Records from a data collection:

----

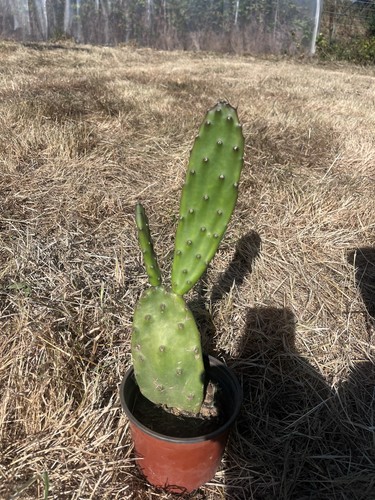 Opuntia elata plan enraciné - enraciné,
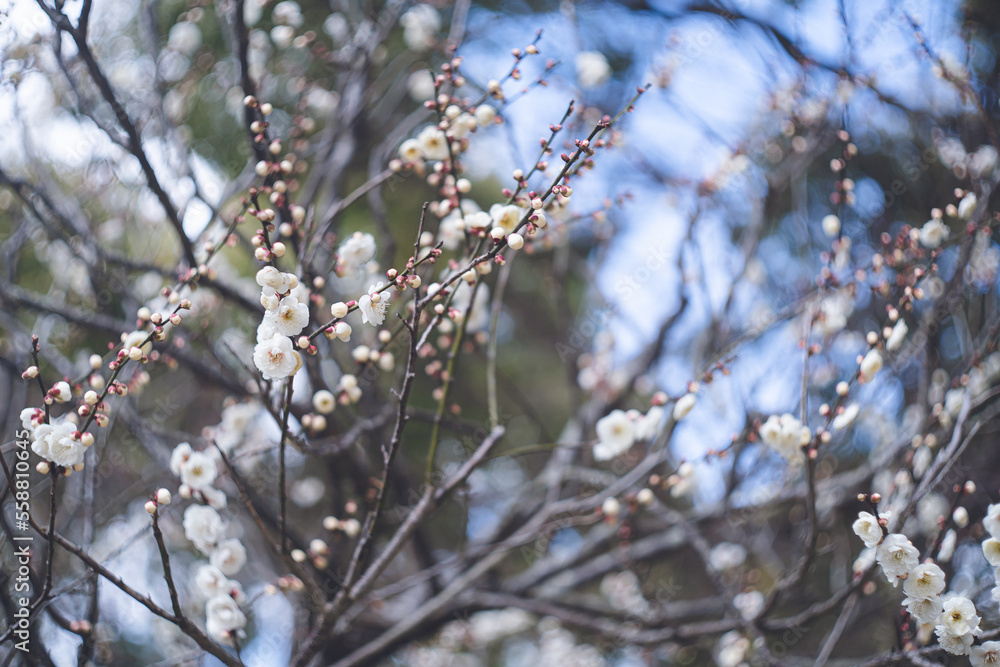快晴の空と美しい梅の花の写真 福岡県の観光名所太宰府天満宮の梅林 快晴の空と美しい梅の花の写真 福岡県の観光名所太宰府天満宮の梅林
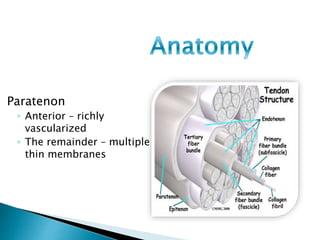 Paratenon
◦ Anterior – richly
vascularized
◦ The remainder – multiple
thin membranes
 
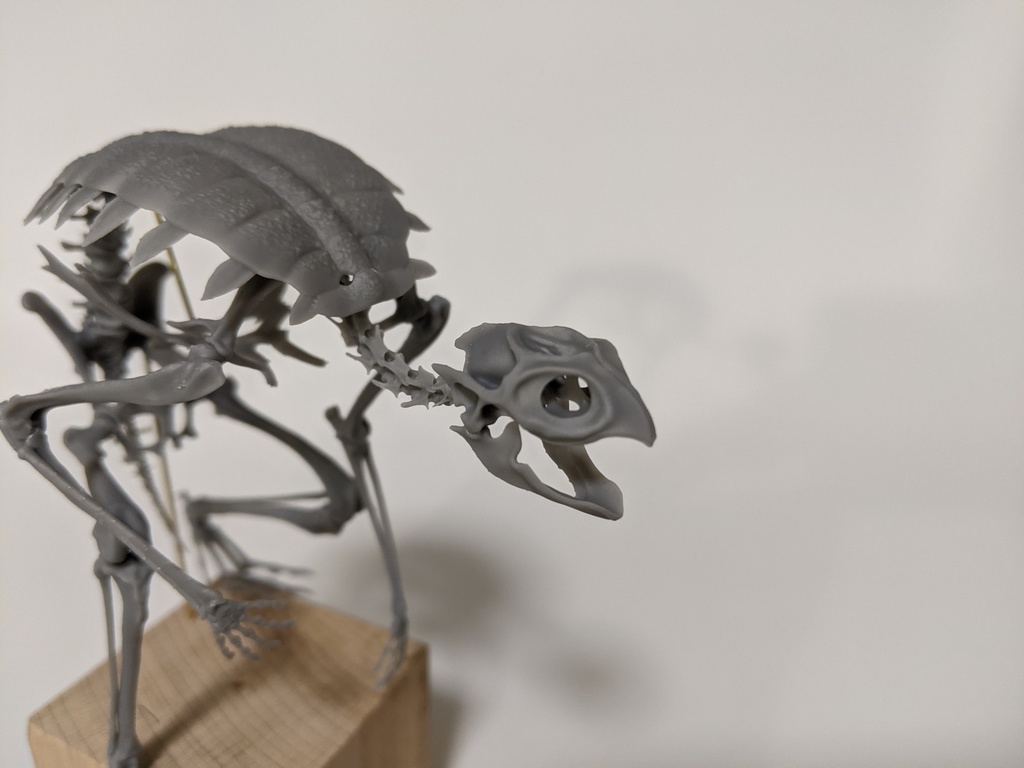 空想骨格標本 河童 全身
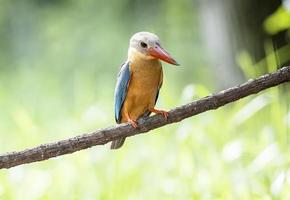 Stork billed Kingfisher perching on the branch in Thailand. photo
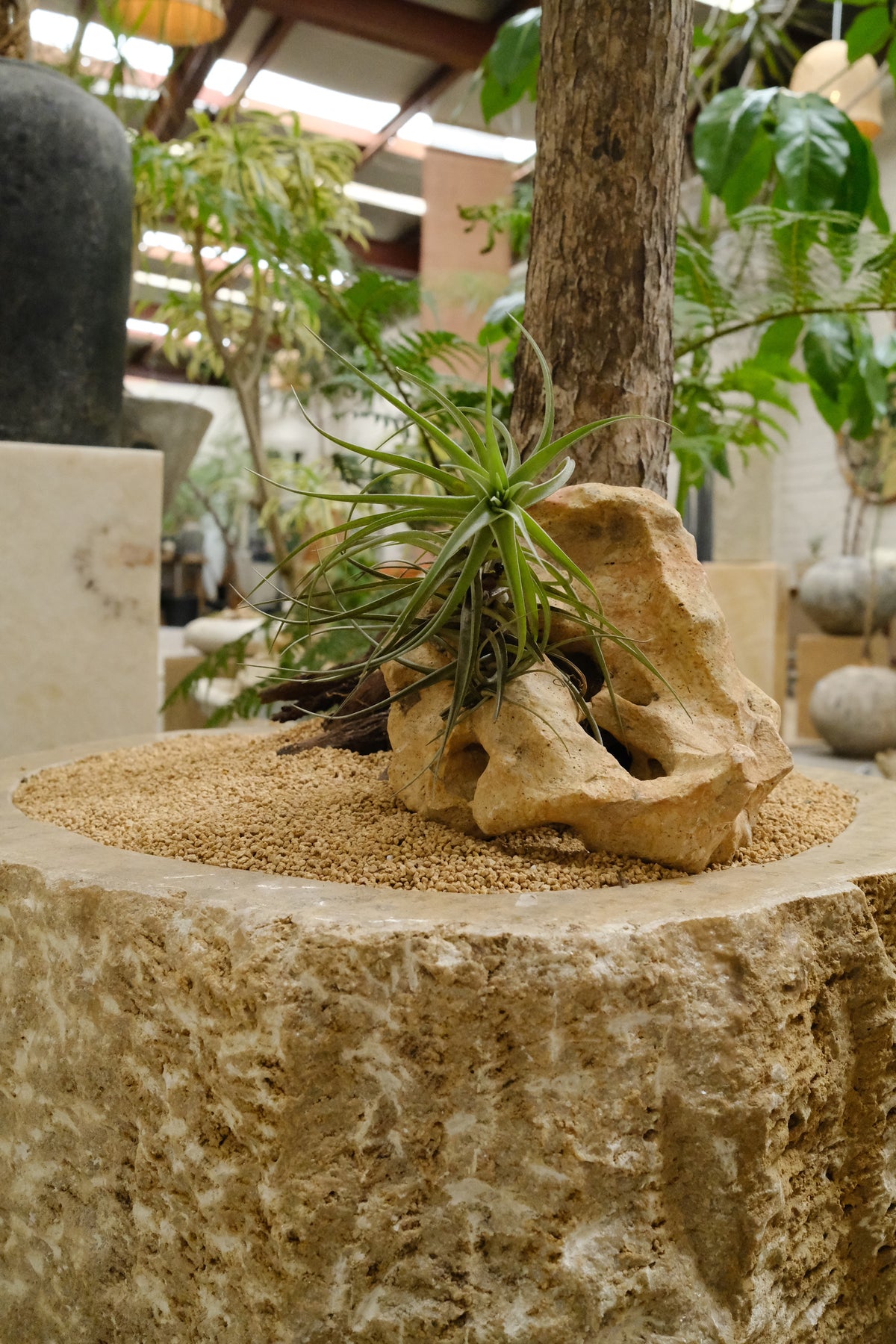 Tree Aloe + Raw Onyx Planter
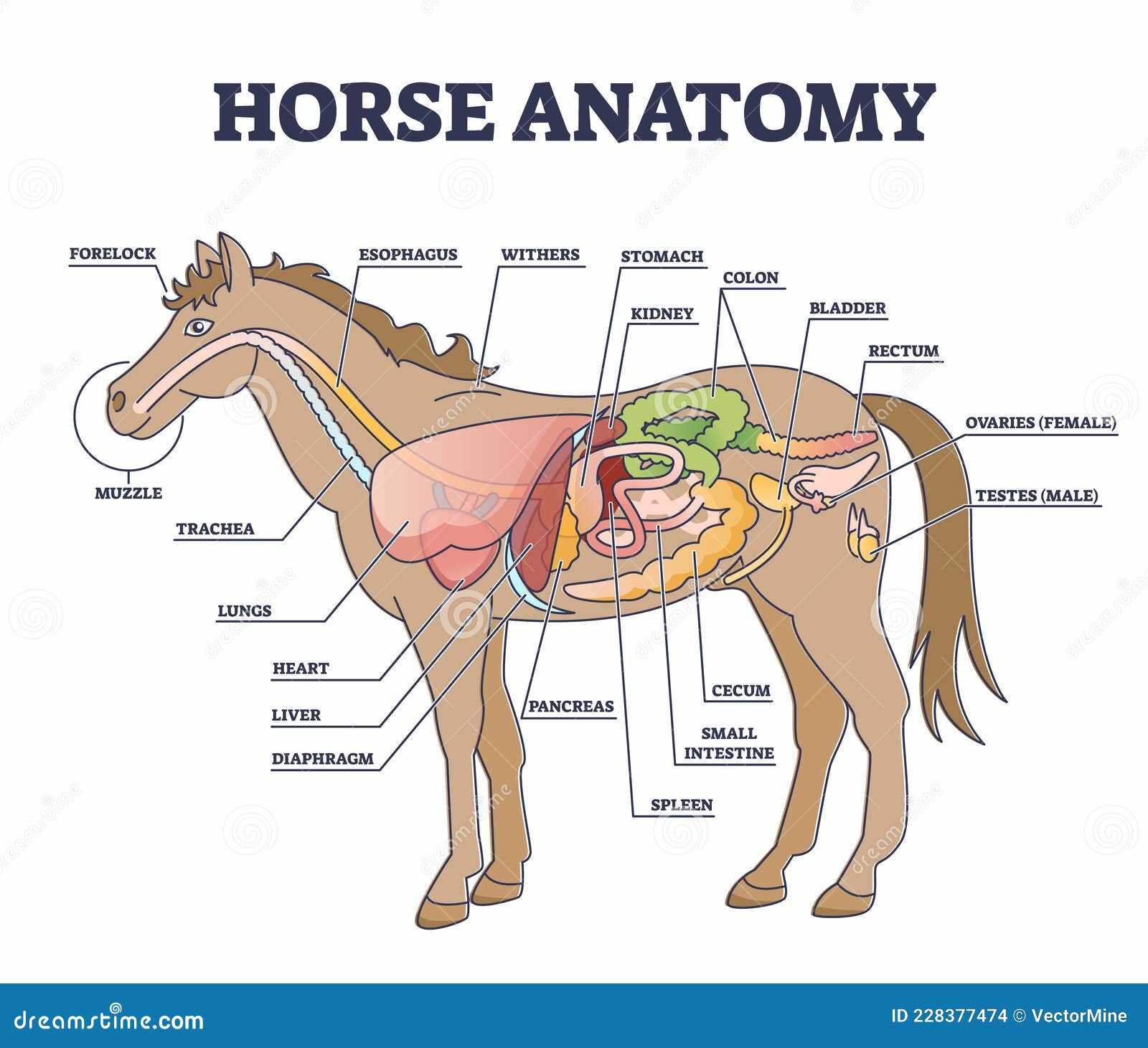 diagram parts of a horse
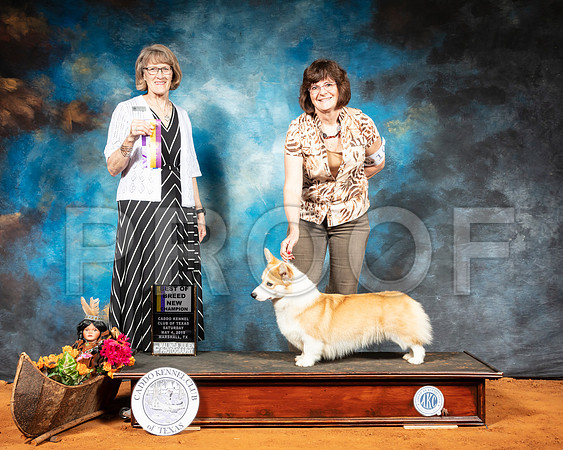 Pembroke Welsh Corgi #10 Sat BOB Judge Nancy Simmons-SSR_6912e-Mrshl2019-HR3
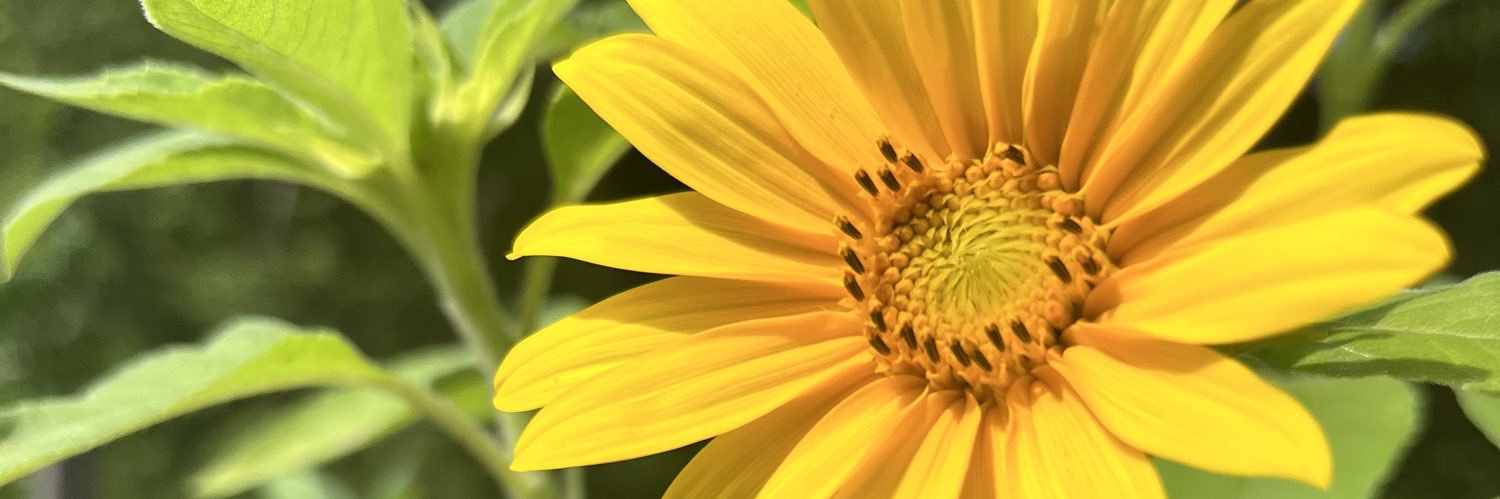 MirandaPaygee12's profile banner image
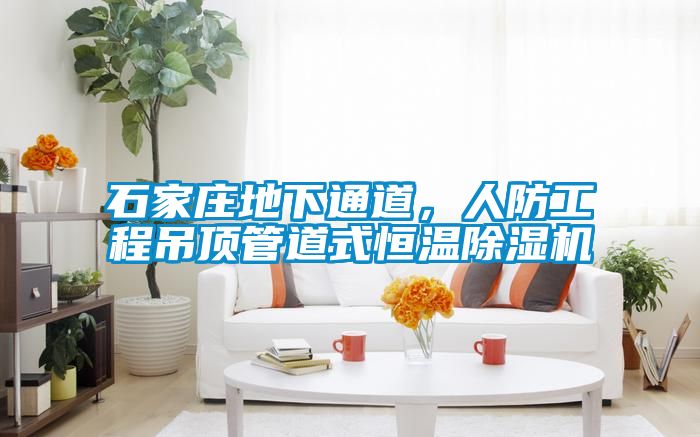 石家莊地下通道,人防工程吊頂管道式恒溫除濕機(jī)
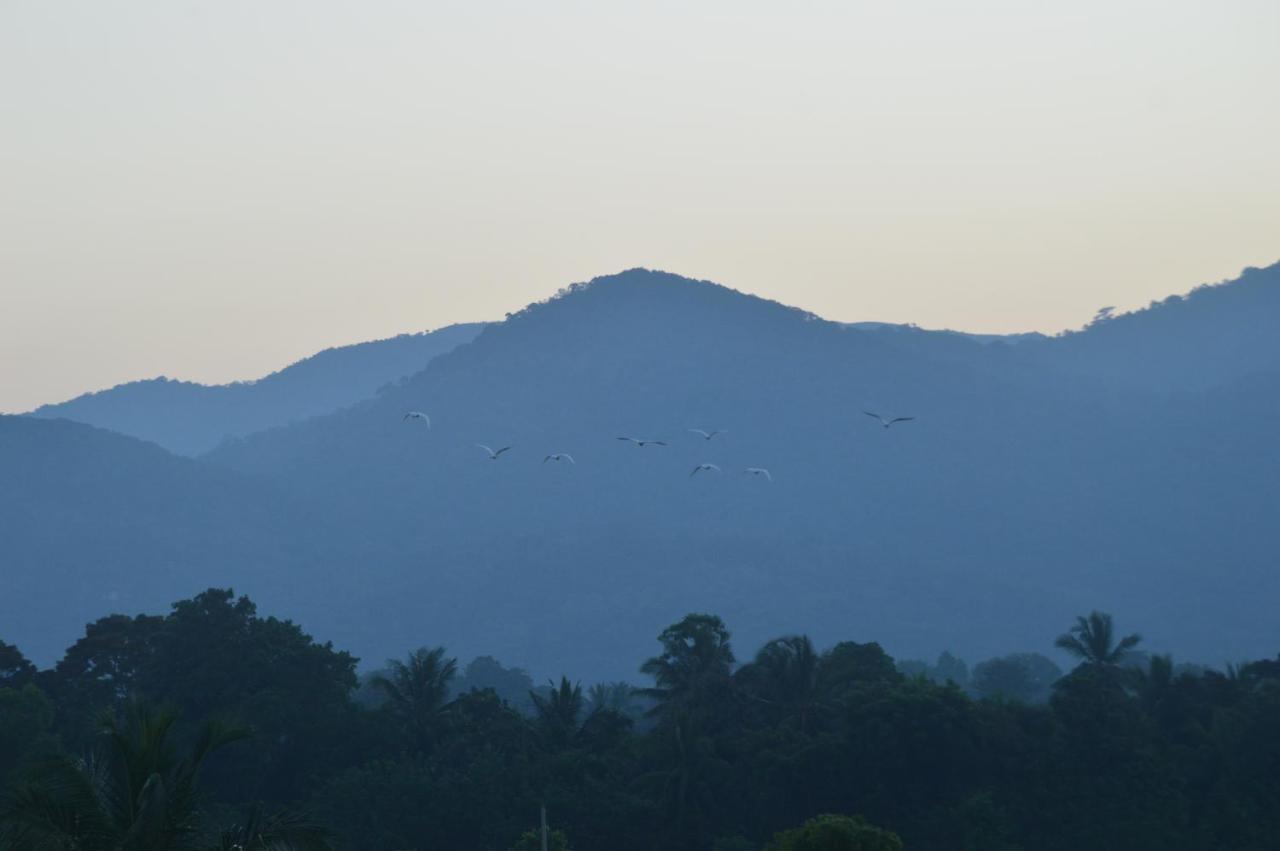 Apartamento Ridge Boundary View Dambulla Exterior foto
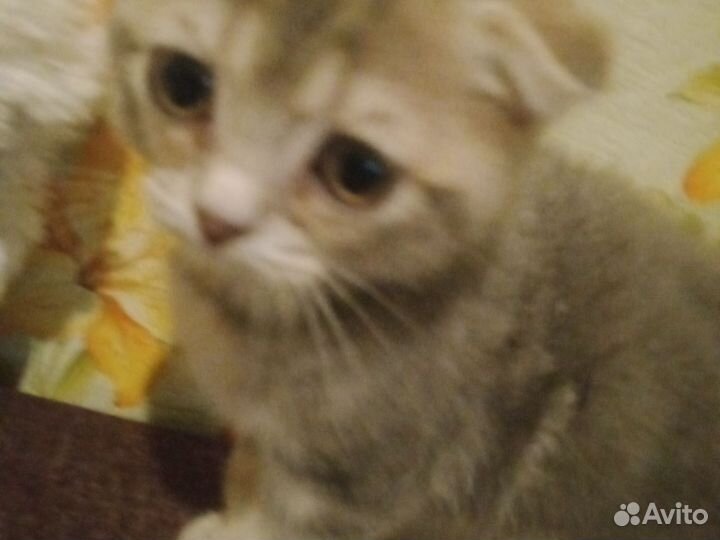 Кошки Британец вислоухий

----

**AIM OF THE TASK:**
Verbatim reproduction of every entry is needed, with the images left out.

**RESULT FOR THIS EXERCISE:**
 Opuntia elata plan enraciné - enraciné,
快晴の空と美しい梅の花の写真 福岡県の観光名所太宰府天満宮の梅林 快晴の空と美しい梅の花の写真 福岡県の観光名所太宰府天満宮の梅林
 Paratenon
◦ Anterior – richly
vascularized
◦ The remainder – multiple
thin membranes
 
 空想骨格標本 河童 全身
 Stork billed Kingfisher perching on the branch in Thailand. photo
 Tree Aloe + Raw Onyx Planter
 diagram parts of a horse
 Pembroke Welsh Corgi #10 Sat BOB Judge Nancy Simmons-SSR_6912e-Mrshl2019-HR3
 MirandaPaygee12's profile banner image
 石家莊地下通道,人防工程吊頂管道式恒溫除濕機(jī)
 Apartamento Ridge Boundary View Dambulla Exterior foto
 Кошки Британец вислоухий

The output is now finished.